====== PROVIDED ENTRIES

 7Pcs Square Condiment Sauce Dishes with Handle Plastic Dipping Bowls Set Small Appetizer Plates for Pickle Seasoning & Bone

============
====== PROVIDED ENTRIES

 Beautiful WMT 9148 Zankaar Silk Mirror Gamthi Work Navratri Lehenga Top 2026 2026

============
====== PROVIDED ENTRIES

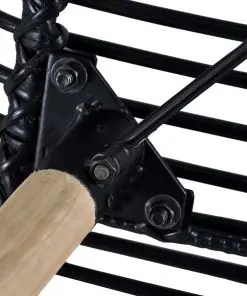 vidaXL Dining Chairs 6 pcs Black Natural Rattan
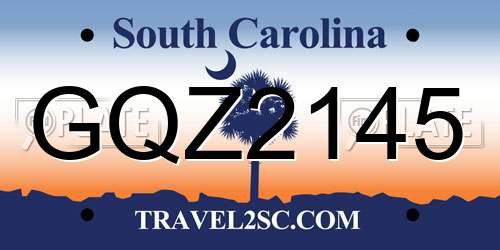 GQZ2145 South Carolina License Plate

============

Although pictures appear among the entries, please set down only the lines from the one with "vidaXL Dining Chairs" up to and including the one with "GQZ2145 South Carolina License Plate", word for word.

 vidaXL Dining Chairs 6 pcs Black Natural Rattan
 GQZ2145 South Carolina License Plate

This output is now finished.